The important thing to notice about the inscription is not the hope for “geographical nepotism,” as if St. Peter would take the command to “love your neighbor” so seriously as to give special predilection to those whose tombs abutted his. It’s rather the evidence of the perennial Christian practice of praying for the dead.

There is no reason to pray for loved ones, I would tell the pilgrims, if we think that they are already in heaven. Likewise the early Christians never believed that there would be a furlough from hell. If they were praying for the dead and making such an effort to ask St. Peter to do the same, it was because they believed that there was a good chance their loved ones were neither in heaven nor in hell but in a place where prayers were needed.

It would take a few centuries for the word “purgatory” (place of cleansing) to develop, but long before the word came into vogue, the practice of praying for the dead and the underlying belief in its importance was very much practiced by faithful Christians.

Praying for deceased loved ones is just as important today as it was in the early Church. The same love that the early Roman Catholics to bury their loved ones as close as possible to Peter should lead all of us to draw as close as possible to Christ on the altar to pray for ours.

To pray for the dead is not just a spiritual work of mercy but sweet response of love.

Tomorrow we celebrate the Commemoration of the Faithful Departed, popularly known as All Souls’ Day, when Catholics convene to pray for our deceased loved ones and for all who have died.

We come together to pray for them because, except for a baptized baby who died in infancy or a canonized saint, we simply don’t know the state of our loved ones after death.

Jesus told us emphatically not to judge, and this means not only not to condemn to hell someone we thought was evil but also not to place in heaven someone we thought good, for only God sees the heart.

As so on All Souls Day and throughout the month of November, we pray for those who lived, to our eyes, a good and holy life, who cared for Christ in the hungry and poor, who died with the sacraments.
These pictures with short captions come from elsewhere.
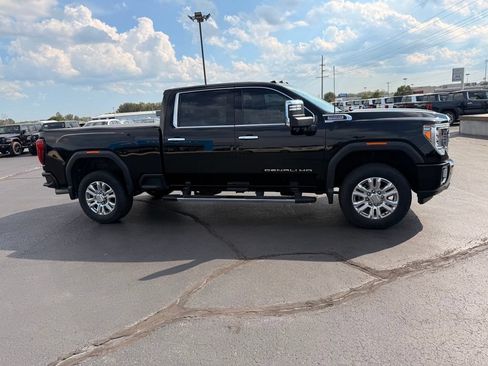Used 2022 GMC Sierra 2500 Denali w/ Denali Ultimate Package AWD/4WD image 8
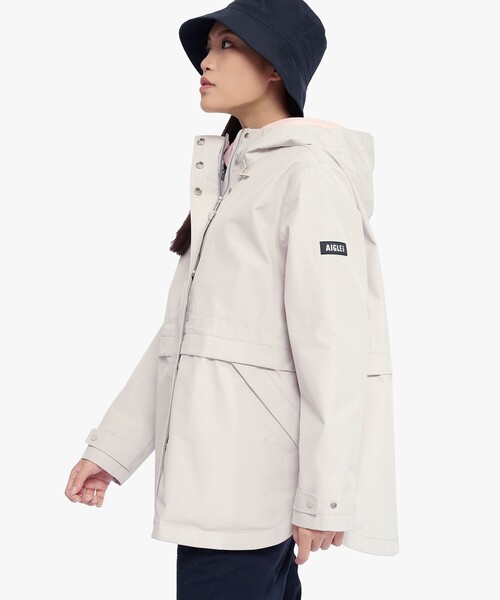 AIGLE（エーグル）の「防水 防風 透湿 GORE-TEX ゴアテックス フィッシュテールフーデッドジャケット RP（マウンテンパーカー・レディース・ブラック/ホワイト/グレー・40/34/36/38）」の7枚目の写真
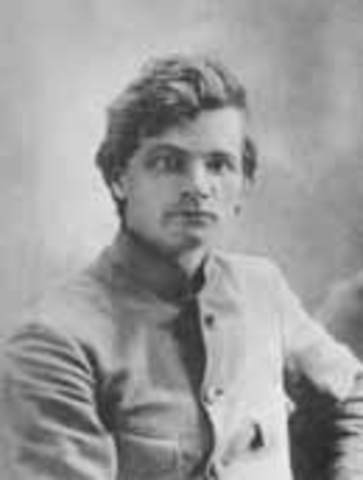 Платонов участвует в Гражданской войне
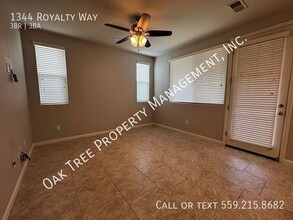 1344 Royalty Way in Clovis, CA - Building Photo - Building Photo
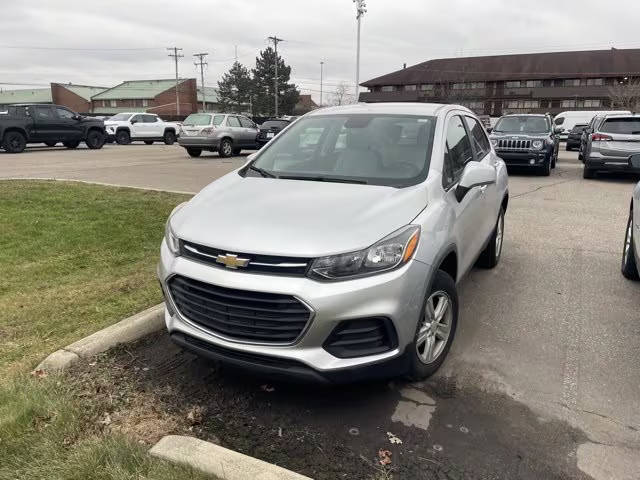 2017 Chevrolet Trax LS AWD photo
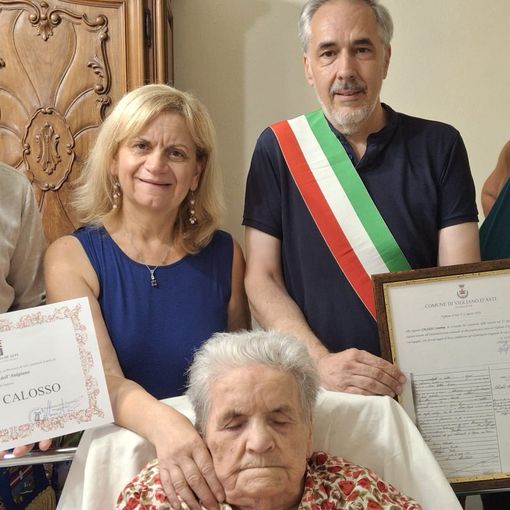 La neo centenaria i figli e le autorità presenti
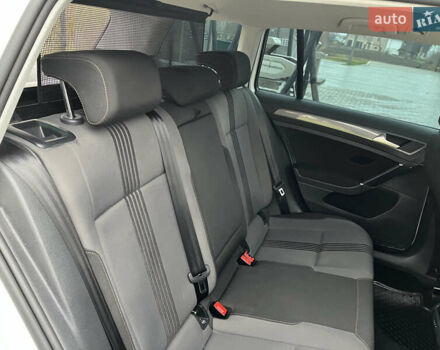 Белый Фольксваген Гольф, объемом двигателя 1.6 л и пробегом 280 тыс. км за 11500 $, фото 38 на Automoto.ua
We also pray for those who lived, by human impressions, a life far from God, his sacraments and commandments, and who may have died in objectively sinful circumstances. We pray for them all, entrusting them to God’s mercy, knowing that in the communion of saints, our prayers and good deeds can in fact help them.

On All Souls’ Day we pray for them in the most powerful way any human being can: at Mass, entering into Christ’s prayer from the Upper Room and the Cross that made salvation possible. While we explicitly pray for the dead in every Eucharistic Prayer, on All Souls Day and throughout November we’re called to pray this memento with special preparation, recollection and devotion.
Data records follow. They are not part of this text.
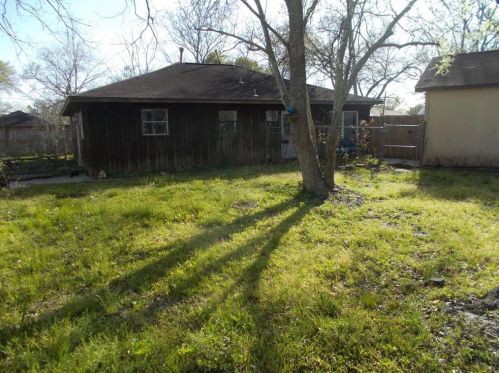 511 Circle Dr, Morgans Point, TX 77571-6413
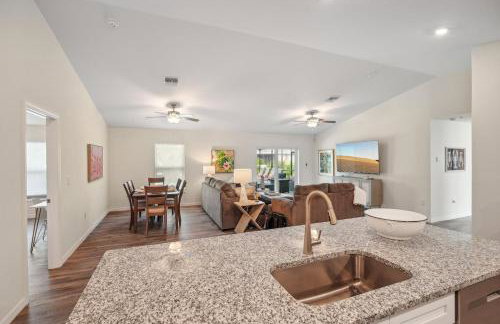 Cape House - 4 BR - Pool - Fire Pit - Private Backyard - Foto 23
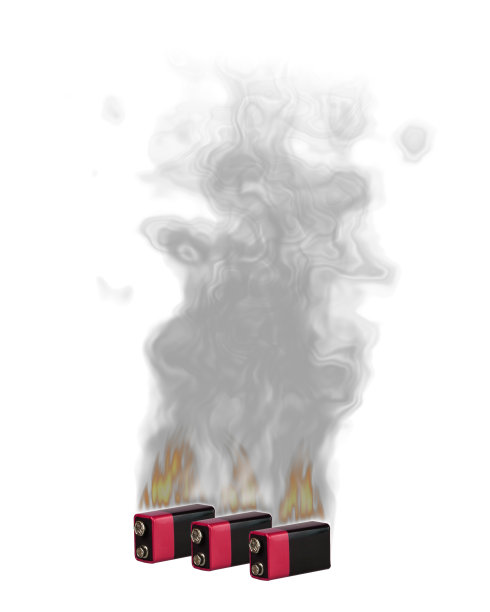 燃烧和冒烟的锂离子电池，白色背景，孤立图片下载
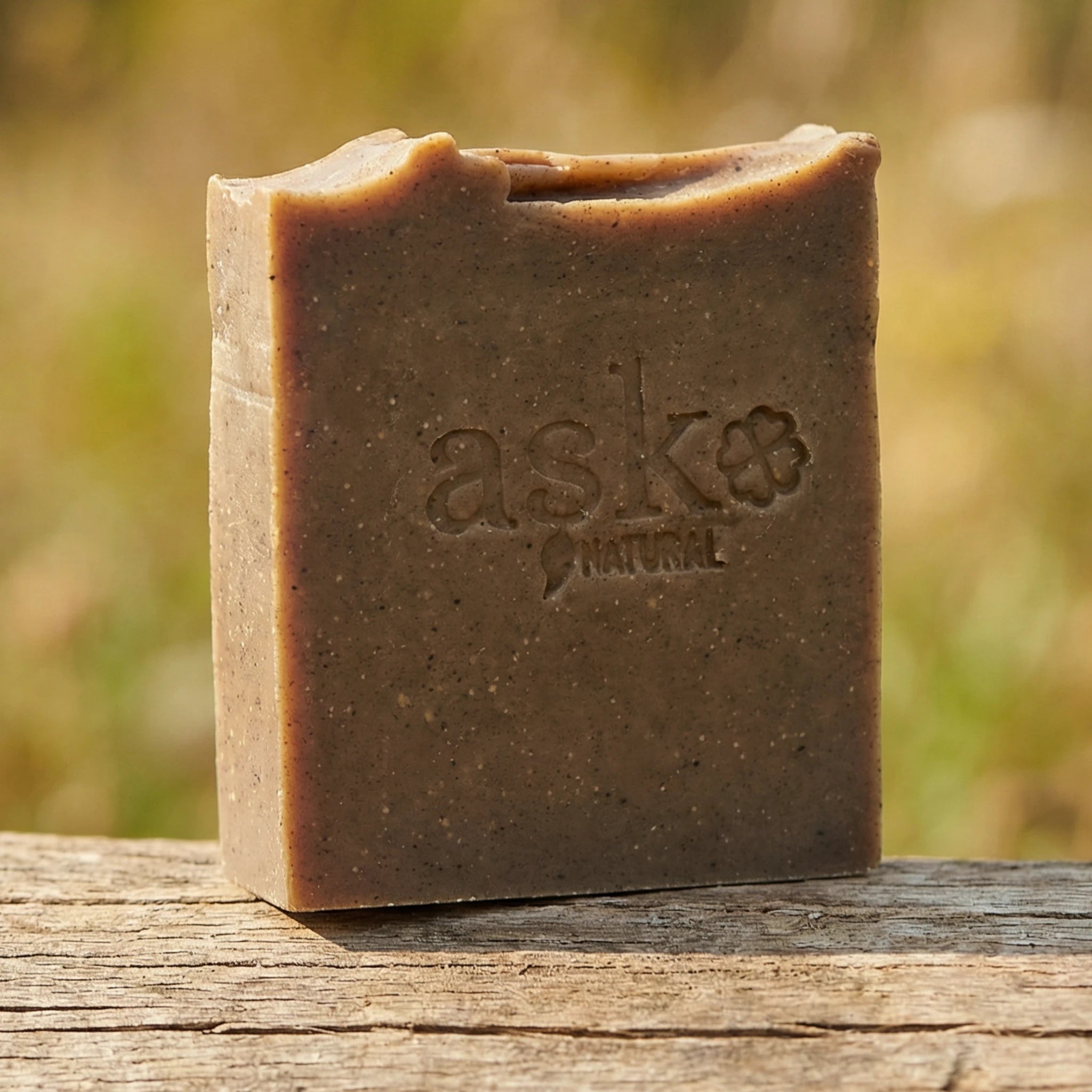 Handgemachte Schwarzkümmelöl Seife von ASK Natural, nachhaltig, vegan und palmölfrei hergestellt.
I’m always moved by the devotion of some Catholics to this work of mercy and love of praying for deceased family members and friends, themselves and others. Many Catholics regularly have Masses said for deceased loved ones, and some Catholics routinely have Masses offered for forgotten souls in Purgatory. Last week I received word that a recently deceased parishioner left as the first item in his will money to have 200 Masses said for him and his deceased wife — a profoundly humble, Catholic and wise act.

But I’ve also seen what I think can only be called a growing spiritual negligence on the part of many other Catholics. Perhaps because they mistakenly presume — contrary to Christ’s words in the Gospel and the teaching of the Church — that everyone who dies automatically goes to a “better place,” they seem never to pray for loved ones. They sometimes don’t even have funerals for them, not to mention have month’s mind or other Masses offered. They’re nowhere to be found — either at Church or at a cemetery — on All Souls’ Day.

The way a Catholic lives the month of November often shows the vitality of the person’s faith and love.

Pope Benedict wrote in 2007, “The belief that love can reach into the afterlife, that reciprocal giving and receiving is possible, in which our affection for one another continues beyond the limits of death—this has been a fundamental conviction of Christianity throughout the ages and it remains a source of comfort today.”

All Souls’ Day is an occasion on which all Catholics are able to put into practice that “fundamental conviction” with a love that not even death can destroy.